It
is entirely reasonable to believe that media coverage is systematically flawed.
In some ways, it is! Too much attention is paid to violent crime (Altheide
1997; Soroka 2014). Tweets
are increasingly presented as representative public opinion (McGregor
2019). Changes in media technology have facilitated, and quite possibly
enhanced, political polarization in media sources and political beliefs (Bail et
al. 2018).
Even
as media coverage is imperfect, there are reasons to suspect that media partly
fulfill their function in modern representative democracy. A large volume of research
confirms that media coverage provides a reasonable (if imperfect) representation
of the national economy, for instance. Media reporting during campaigns tends
to rise and fall with campaign events and public support for candidates itself.
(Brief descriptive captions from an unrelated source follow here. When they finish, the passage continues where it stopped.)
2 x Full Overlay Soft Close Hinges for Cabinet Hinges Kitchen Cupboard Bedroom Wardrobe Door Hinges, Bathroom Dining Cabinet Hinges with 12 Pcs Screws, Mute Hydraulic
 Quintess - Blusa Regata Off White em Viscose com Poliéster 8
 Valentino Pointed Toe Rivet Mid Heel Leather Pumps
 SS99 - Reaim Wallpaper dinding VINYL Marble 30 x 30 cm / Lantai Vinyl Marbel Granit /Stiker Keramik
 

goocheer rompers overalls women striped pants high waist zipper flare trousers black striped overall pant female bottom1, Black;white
And the news tends to following the ebb and flow of policy over time.
Evidence
of accurate media coverage, and public responsiveness to that coverage, is of
real significance. Government accountability depends on informed citizens. So
too does political representation. Why, after all, would we expect governments
to represent public preferences if those preferences weren’t at least minimally
informed? Effective representative democracy depends at least in part on
accurate media coverage of legislative action and policy change.
A
critical task for scholars of media and democracy, then, is to identity areas
in which media fail or succeed. The recent literatures on misinformation and
disinformation have (appropriately) focused a good of attention on failures
(e.g., Lazer
et al. 2018). Our own work identifies
some failures as well. News coverage in the US does not neatly reflect federal
spending policy in certain important areas, such as education and the
environment. But news does reflect what is happening in other significant
domains, including defense, welfare, and health.
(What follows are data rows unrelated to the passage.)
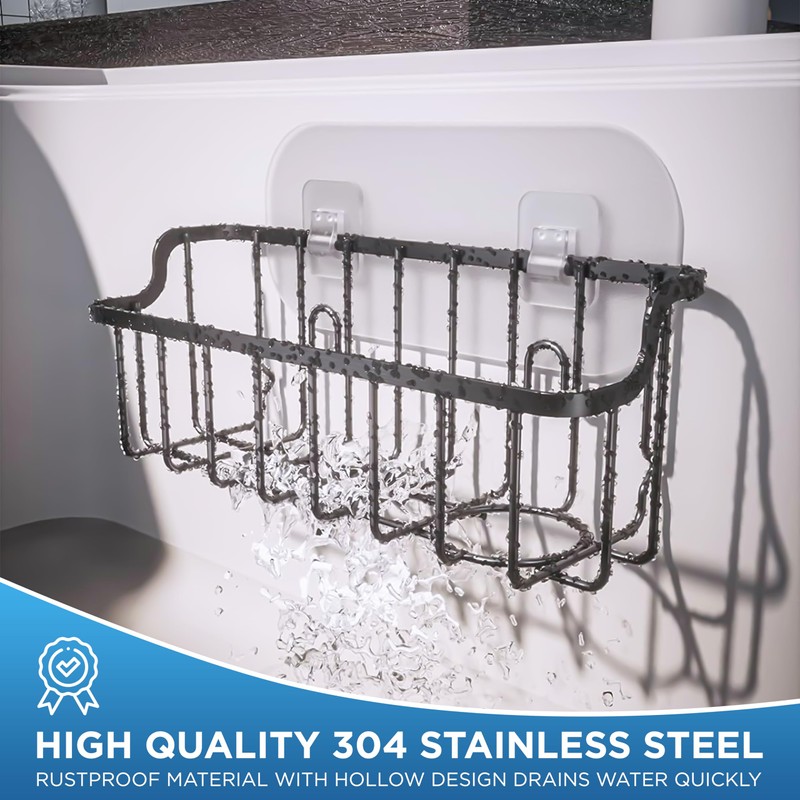 Sponge Holder for Kitchen Sink: 2-in-1 Kitchen Organizer for a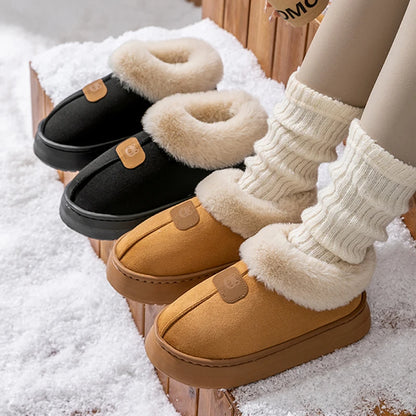 Women’s Plush Indoor/Outdoor Slippers – Faux Suede & EVA Sole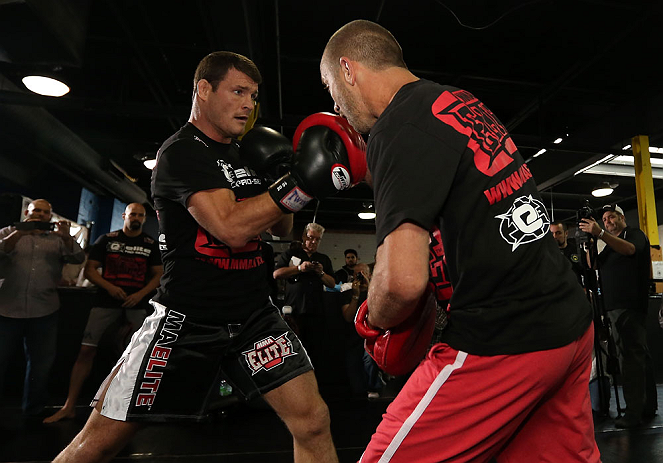 TORONTO, CANADA - SEPTEMBER 19: Michael Bisping works out for fans and media during the UFC 152 open workouts at Xtreme Couture Gym on September 19, 2012 in Toronto, Ontario, Canada. (Photo by Josh Hedges/Zuffa LLC/Zuffa LLC via Getty Images)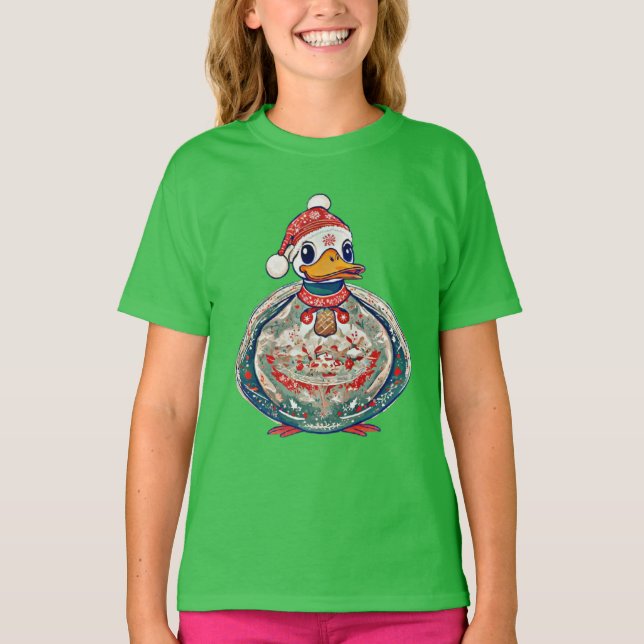 T-shirt Canard De Noël En Folklore Portant Un Chapeau De P (Devant)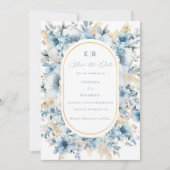 Stoffige Blauw Gouden Bloemen Alles in één Trouwfe Save The Date (Voorkant)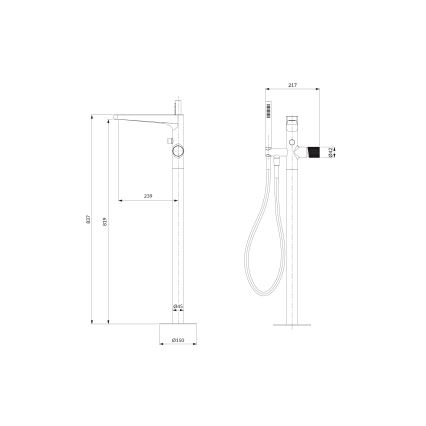 OMNIRES CT8033CR - Vapaasti seisova kylpysetti hanalla CONTOUR kiiltävä kromi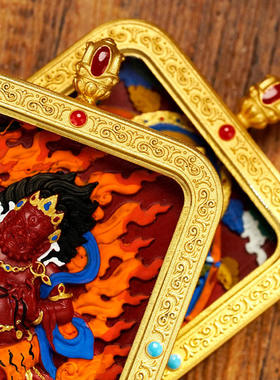 好运五爷朱砂唐卡吊坠手绘唐卡绿度母扎基拉母黄财前世今生项链3d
Consider for instance the graph below, which compares media coverage of defense spending change and actual changes in defense spending over nearly 40 years. The spending data shown here are relatively straightforward: these are changes, from one fiscal year to the next, in total dollars spent by the US federal government on defense, as reported by the Office of Management and Budget. We show a standardized measure in order to plot spending change alongside the “media policy signal.”
What
is that “media policy signal”? We begin by extracting every sentence about
defense spending from major US newspapers and television networks. (Details of
our methodology are available here.) Using computer-automated
text analysis, we identify sentences that suggest upward or downward changes in
spending. We then combine these sentences each fiscal year to produce a
“signal” – an indication of what readers could learn about spending change if
they were attentive to media coverage.
Our
results suggest a strong correlation between media coverage of spending and
actual spending change on defense. Indeed, even when we look at different
media outlets separately, most produce coverage that is roughly in
line with what policy is actually doing. This is good news for media, and good
news for democracy. If Americans want to learn (and act upon) information about
what their government is spending on defense, media are providing at least some
of the necessary information. Defense is one of several domains in which media
coverage of policy is fairly accurate, which also include spending on welfare
and health. Importantly, these are ones where past work finds evidence that Americans
respond to policy change.
This
rosy picture does not carry over to all policy domains. As noted earlier, media
coverage is much less reflective of changes in spending on education and the
environment. (Results are available here.) While our data
indicate that media coverage often provides an accurate depiction of changes in
spending, then, coverage is not perfect – and this is true even in the domains where
it does reflect government actions. This may come as little surprise to
most news consumers; what may surprise is that coverage often is quite accurate
in certain salient areas – defense, welfare and health. It just is not as bad
as you might think.
We take these results as a useful reminder of the importance of the media in democracy. Accurate coverage of government actions makes possible political accountability on Election Day. It also makes possible the effective guidance of elected officials in between elections. Identifying the successes and failures in US media coverage is fundamental for those interested in informative, accurate journalism to be sure. But it also is critical for anyone who values effective representative democracy.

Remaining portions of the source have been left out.